表彰台の中央に立ったダニエル・リカルド(レッドブル)は、満面の笑みでガッツポーズをしながら、まだ自分がF1で初優勝を挙げたのだということを実感できないでいた。彼の初優勝への道は、カナダGP決勝70周、長いレースの残り5周を切ったところから突如として現れたのだから、当然のことだった。

 サーキットのほとんどが直線と低速コーナーで構成されるカナダのモントリオールサーキットは、メルセデスAMG製パワーユニットのアドバンテージが最大限に生きる場所だった。

 案の定、ポールポジションを獲得したのはメルセデスAMGのニコ・ロズベルグだった。2位にはチームメイトのルイス・ハミルトン。ロズベルグの表情には、すでに勝利を手に入れたような安堵感が漂っていた。

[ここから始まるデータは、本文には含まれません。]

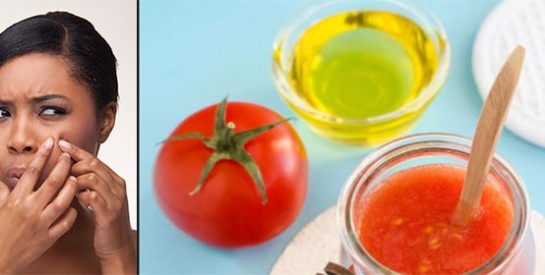 7 masques à la tomate pour prendre soin de peau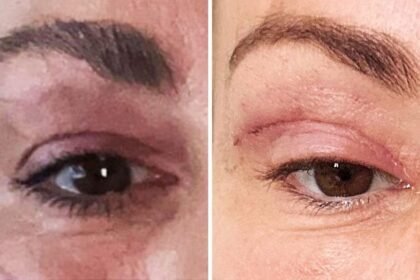 'My eyelids became infected - I was scared to sleep'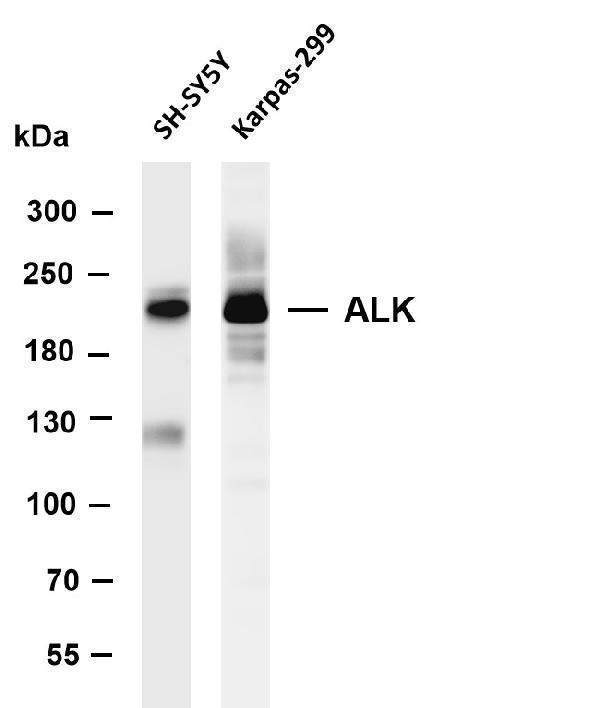 m00301 5 alk primary antibodies wb testing 1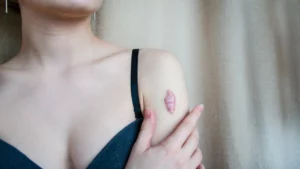 Woman with keloid on hand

「チーム内部では、予選が今週末のとても重要なキーポイントだと分かっていたんだ。明日のレースでは戦略上やれることがほとんどないし、僕とハミルトンは同じクルマで走っているから、コース上での差はほとんどないからね」

 ロズベルグとハミルトンは、この週末も自分たち2台が優勝争いを繰り広げると思っていた。硬すぎるタイヤは摩耗することなく、決勝レースは2台が同じように1度のピットストップで走り切るプランだった。だからこそ、予選でハミルトンの前に出たロズベルグは、勝利を手中にしたも同然だったのだ。

 だが、日曜日のモントリオールは暑くなり、路面温度は50度にも達しようとしていた。そのため、タイヤの摩耗は予想より速く進み、2ストップ作戦が必要になった。さらに、50周を迎えようかというところでメルセデスAMGのパワーユニットをトラブルが襲ったのだ。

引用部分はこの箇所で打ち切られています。